Alan Mak (born 19 November 1983) is a British Conservative Party politician who served as Exchequer Secretary to the Treasury from July to September 2022. He was elected as the Member of Parliament (MP) for Havant in Hampshire in 2015.

Early life
Mak was born in York to Chinese parents who were born in Guangdong and who settled in Hong Kong before moving to England, where they owned a Chinese food take-away. He attended Queen Anne Comprehensive School, York until the age of 13, before gaining an assisted place to attend St Peter's School, York. He read Law at Peterhouse, Cambridge, winning the ECS Wade Prize for Administrative Law, before completing a post-graduate law & business diploma in Oxford, where he was a runner-up for the Oxford Leadership Prize. He subsequently practised as a solicitor with Clifford Chance.
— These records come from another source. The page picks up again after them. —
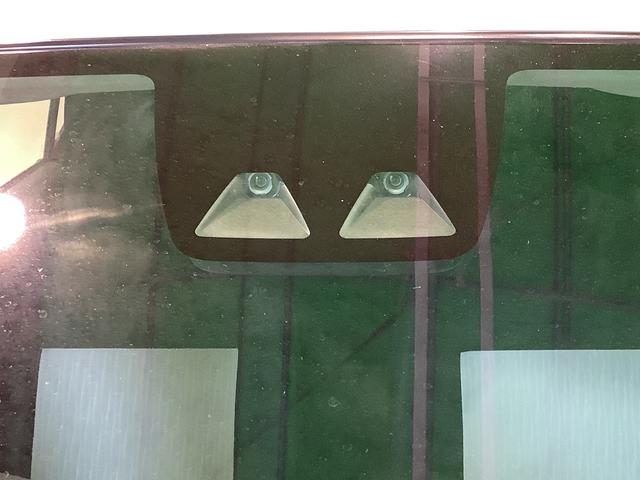 ミライースL SAIIIアイドリングSTOP 前後障害物センサー 衝突防止 キ−レス イモビライザー Wエアバッグ 横滑防止 レーンキープアシスト オートハイビーム 運転席エアバック ABS オートライト(栃木県)の中古車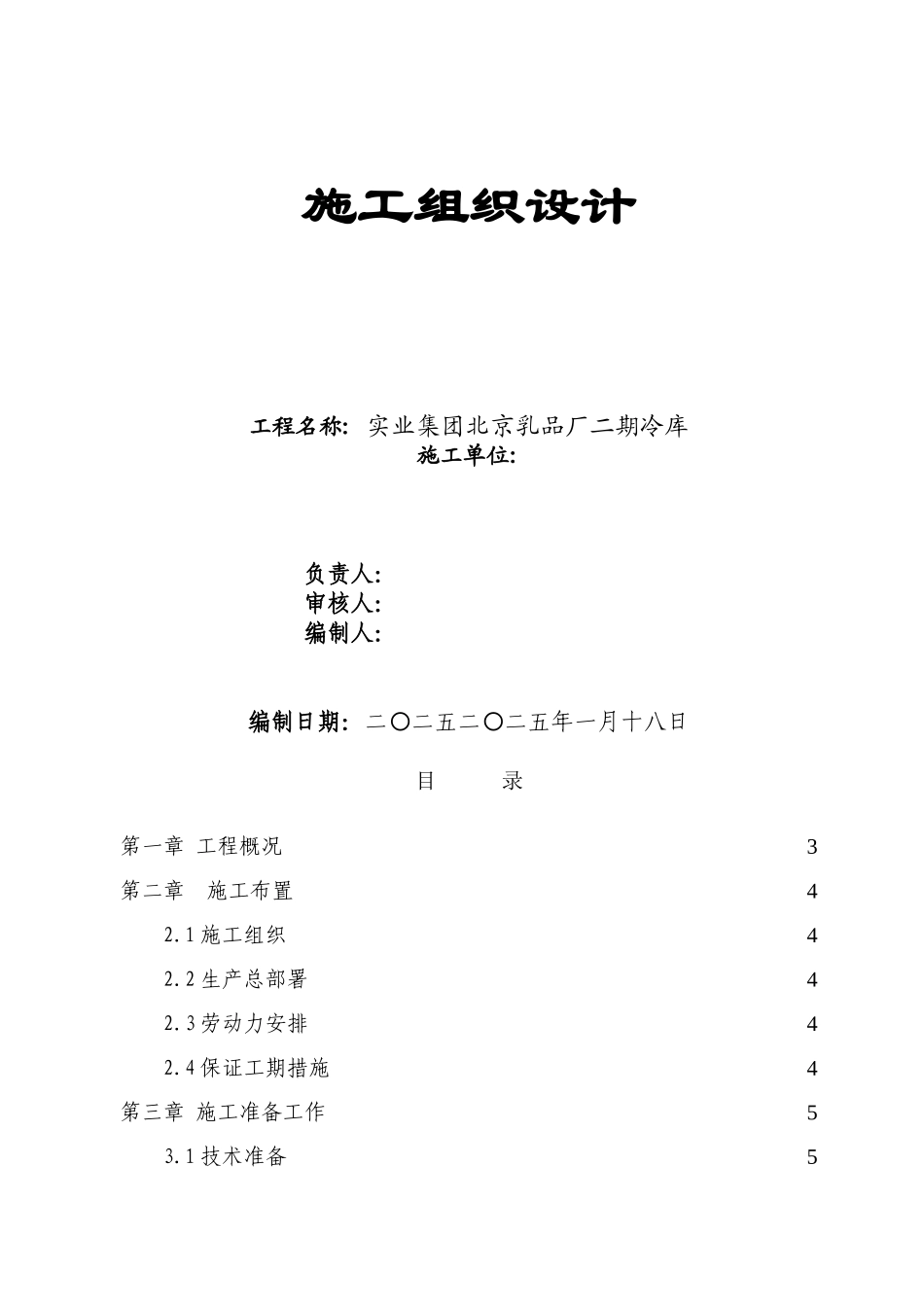 某实业集团北京乳品厂二期冷库施工组织设计方案.doc_第1页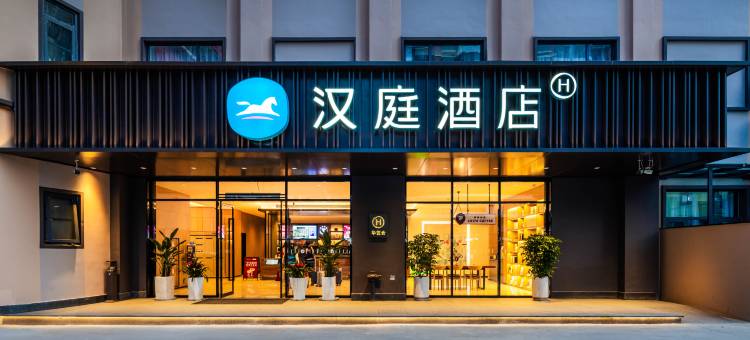 汉庭酒店(红河州个旧龙树园店)图片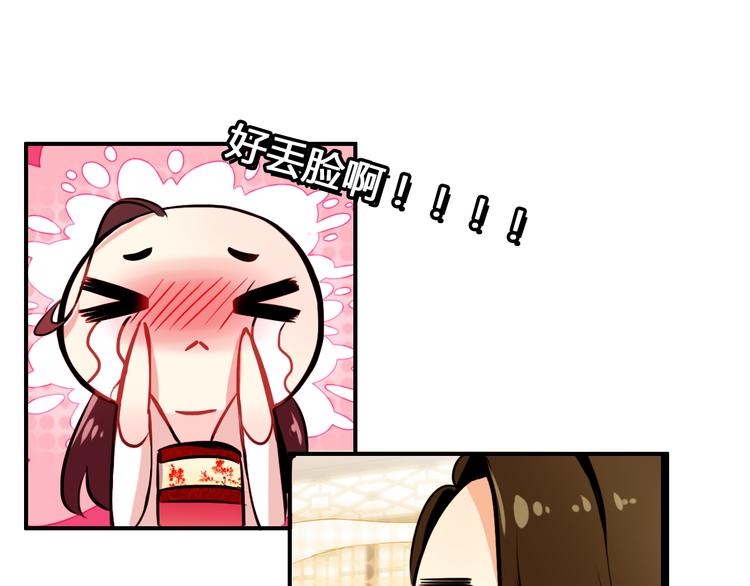 《美人为将》第6话 将军委身做小妾？ 第16页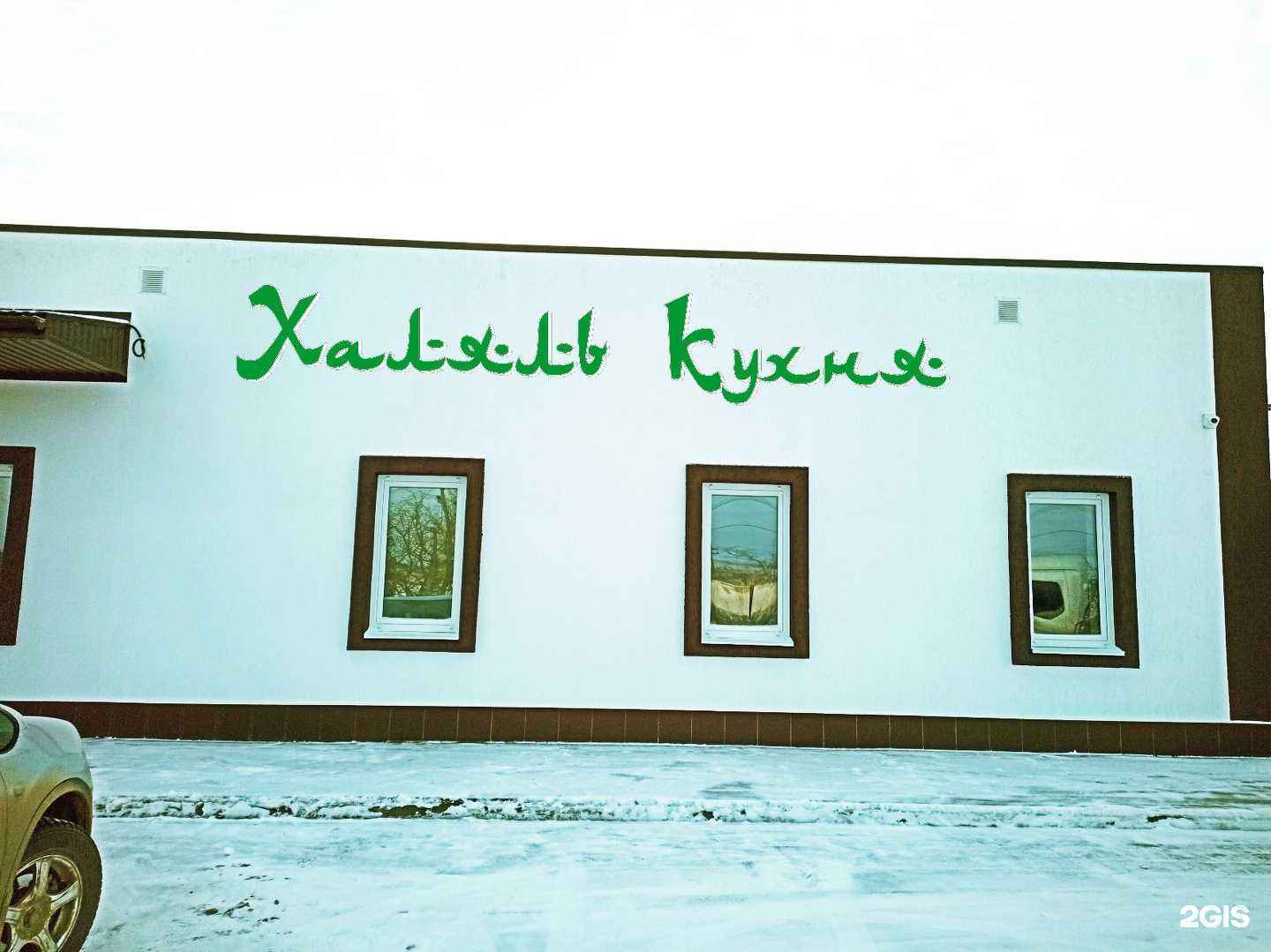 Отзывы на компанию Кухня в г. Туймазы c фото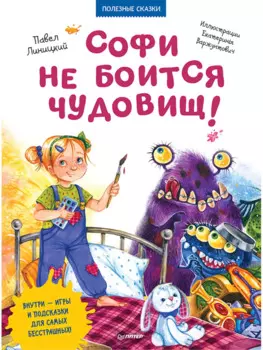 Софи не боится чудовищ! Игры и раскраски - внутри под QR-кодом! Полезные сказки
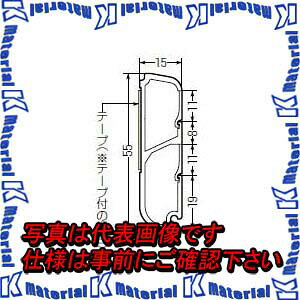 H PHM-55BT 1{ Ж؃[ e[vt 1m  [MR10014]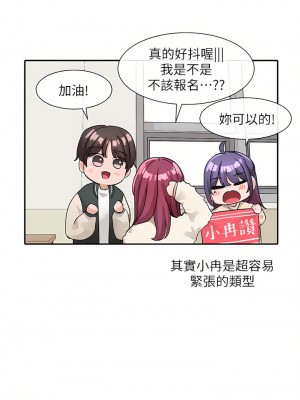 社團學姊 113話_113_40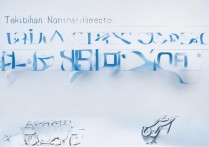 天津师范大学录取分数线是多少，历年录取统计怎么样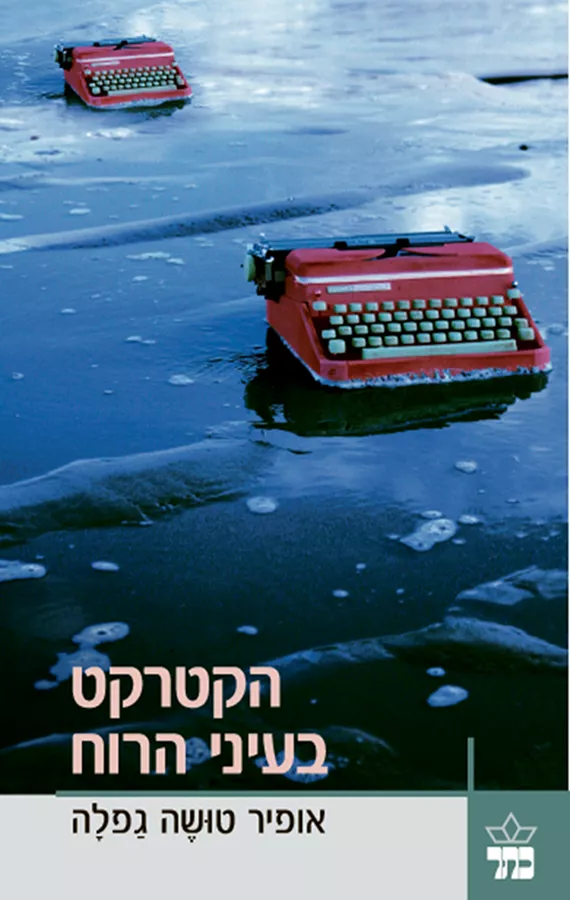 הקטרקט בעיני הרוח - יד שניה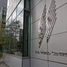 350 m² Office for rent in FazWaz.es, Makati City, Southern District, Metro Manila, Filipinas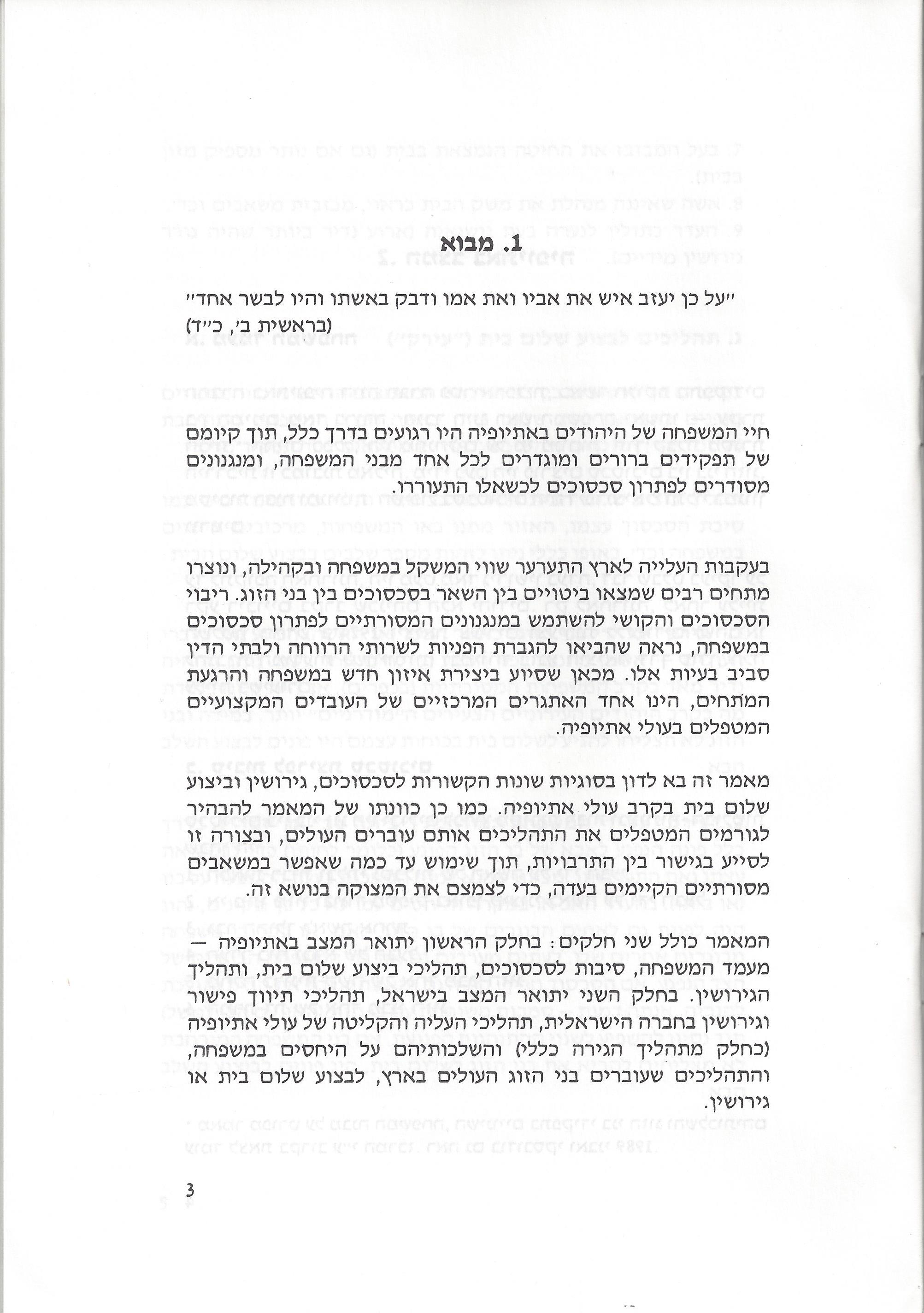 שלום בית וסכסוכים בין בני זוג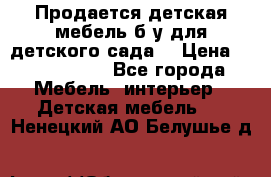 Продается детская мебель б/у для детского сада. › Цена ­ 1000-2000 - Все города Мебель, интерьер » Детская мебель   . Ненецкий АО,Белушье д.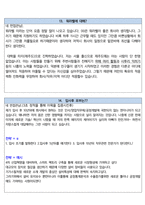 국가유산진흥원 면접 최종합격자의 면접질문 모음 + 합격팁 [최신극비자료]-20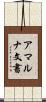 アマルナ文書 Scroll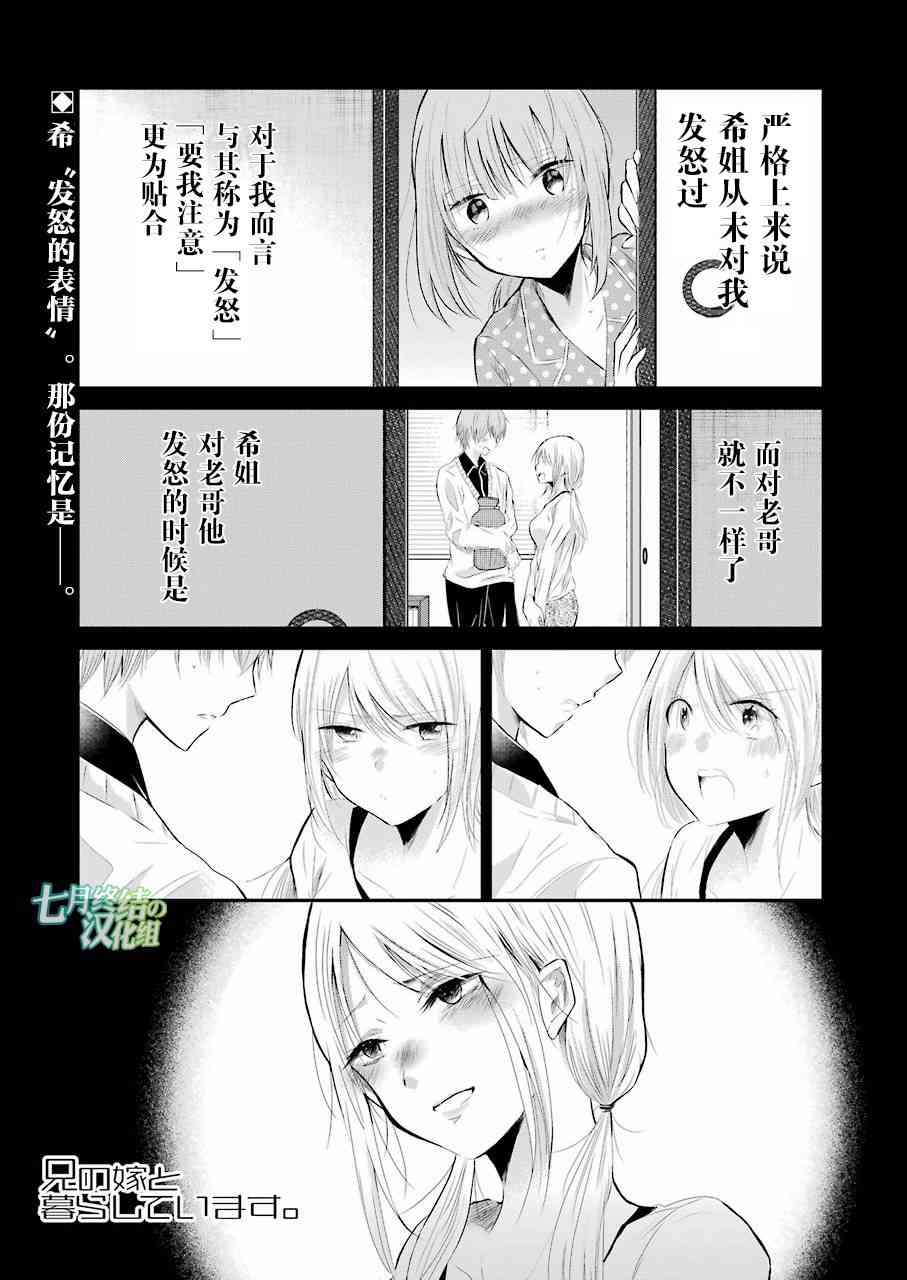 《我和嫂子的同居生活。》30话第1页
Mak was named Graduate of the Year by Realworld in 2005. In 2010, he was recognised with the award for Young City Lawyer of the year in Square Mile magazine's 30 under 30 awards in 2010.

For over five years, Mak served as Trustee and later President of the child hunger and poverty charity Magic Breakfast. While serving as a Trustee, Magic Breakfast was awarded a Big Society Award in 2011 by Prime Minister David Cameron. In recognition of his work with the charity, he was selected to carry the Olympic Torch on 20 June, 2012, in the town of Bedale as part of the 2012 Summer Olympics torch relay.

Parliamentary career

2015 general election
Mak was elected as Member of Parliament for Havant at the 2015 general election. He is the first East Asian to be elected to the House of Commons. However, he is uncomfortable with being defined solely by his ethnic identity and has dismissed the notion that his election as MP would raise the profile of British East Asians. In an interview with the South China Morning Posts Post Magazine, he said "If the CFC and Chinese for Labour think I am going to be representing every Chinese, Thai, Vietnamese and Korean—and there are many in my constituency—they are mistaken. It's a stupid story. I am not standing for the Chinese population of Britain. I am standing for the people of Havant and my country". Following his election he expressed concern about the attention his ethnicity, and subsequent political breakthrough, was receiving from both international media and British Chinese groups.

Backbencher
One month after the 2015 general election, Mak was selected to participate in the Armed Forces Parliamentary Scheme in the Royal Navy.

In June 2015, Patrick Kidd wrote in The Times that Mak had gained a reputation for "self-promotion" amongst his parliamentary colleagues and "is getting up people’s noses." It was also reported in The Spectator that Mak was prevented by Conservative MPs from sitting in his "favourite spot" behind David Cameron at Prime Minister's Questions, which Mak had hoped would enable "a brief TV appearance." When Mak was appointed a government whip in 2021, Letts tweeted: "Years of assiduous loyalty are finally rewarded. A great day for greasers". Mak's loyalty was also noted by Stephen Bush, who described him as "a long-term specialist in parliamentary questions of the 'does the minister agree with me that the government is a friend to fluffy kittens and socially responsible businesses?' variety".

Mak announced in February 2016 that he would campaign to remain in the EU in the June 2016 EU membership referendum. This decision was criticised by local party members as a political "U-turn" and received speculation in The Huffington Post as being affected by "careerism."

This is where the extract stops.